Once upon a time, in a land far away, lived a Rishi. Like most Rishis, he too, along with his wife Rishi-ma led the life of a Grih-astha; one who had a home and a family. Our couple led a wonderfully enriching life wherein they studied, learnt, served, and discoursed around the very purpose of life centred around the discovery of one’s true genius.
And he only wore white. Always. Rishi-ma wore the lightest shade of pink. Always.
Both liked to sing. In the early hours of the morning, late at night, in the middle of the afternoon and before they retired for the night they would sit with their ektara and sing. Of the eight Prahars, they had a wonderful set of songs for six of them. A prahar is an ancient, Sanskrit unit of time wherein a day is divided into set of 8 units, four for the day and four for every night. Each unit or prahar roughly being 3 hours. Only for two prahars their hut and courtyard would fall silent. And when they played and sang – the birds, flowers, trees, insects, the river and earth, all listened to them in rapt attention. Their repertoire spanned seasons, emotions, tensions, reprisals, submission and all possible connections between mind and matter. And so when they sang, all mind and all matter converged. When they sang, all turned to white. Not the dazzling, blinding, disturbing white but the calm, soft, serene, sublime white.

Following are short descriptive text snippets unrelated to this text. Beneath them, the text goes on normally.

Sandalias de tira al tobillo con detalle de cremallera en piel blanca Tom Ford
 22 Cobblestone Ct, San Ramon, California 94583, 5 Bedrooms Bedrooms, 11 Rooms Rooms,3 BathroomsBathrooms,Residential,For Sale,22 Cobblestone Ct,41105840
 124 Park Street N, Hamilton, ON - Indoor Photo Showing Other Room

And as every song reached a joyous crescendo, all mind and all matter tuned-in, in quiet, yet rapturous celebration.
One day, a Parrot appeared from another land far away. The Parrot, like a lot of his ilk, was an outstanding mimic. He could reproduce voices and sounds so perfectly that it was hard to tell the difference between the original and copy.
He was indeed a very skilled Parrot. And because of the unique skill he possessed, he was also very used to being the centre of all attention all the time. However, in this upavana – which was in a state of perpetual bliss, no one paid any attention to his arrival though they conferred much affection and hospitality.
But the Parrot wanted more. He wanted recognition. He sought attention, and praise and fame. He knew he possessed a unique skill. So one day, he decided to take matter in his own hands and in the middle of the night, when all was silent, he started singing. He sang exactly like Rishi-ji and Rishi-ma. You couldn’t tell the difference. Yet, the wind started to howl, the river turned to rage and the earth began to shake. Trees began to sway wildly and before long, there was thunder, lightning and a violent storm started to brew. Only when the clouds thundered was the Parrot’s singing drowned and slowly calm was restored. The Parrot stopped singing.
He had turned deaf. Couldn’t hear anything, couldn’t mimic anything.
Exasperated, at the break of dawn – the Parrot fell at the feet of Rishi-ji and Rishi-ma. He couldn’t hear anything but narrated his plight to them. The couple simply smiled and with the Parrot in their lap, started to sing. The gentle stirring of their singing miraculously healed the Parrot. His hearing restored, he closed his eyes. And as tears rolled down his eyes, Rishi-ma asked him.
Shuka – what do you see now?
I see bliss.
So what does it look like?
It feels nice.
What is nice – O Shuka?
When I close my eyes, dear Rishi-ma, the world is blissfully white with a containing shade of pink and when I open them, I see a vibrant canvas full of glorious greens, rapturous reds. I hear orange and taste yellow. I swim in blue and fly in crimson. And then I close my eyes in gratitude and return to my blissful white and pink.
So what is bliss – O Shuka?
I know now, I am me – and not a mimic. The world wants me to mimic for that is what I can do, but I am not just what I do. I know what I do and I know who I am. I can tell the difference; I enjoy the difference. I enjoy the palate and love the hues.
I am a Rang-Rasiya.
We are all Rang-Rasiyas. Not just complex agglomerations of materially quantized quarks, which can only aspire for, and take designated values but living beings that play in, and with a giant canvas with a signature of our own.
No wonder, Hazrat Amir Khusro, the great Sufi saint famously acclaimed –
Aaj rang hai ri – maan, rang hai ri.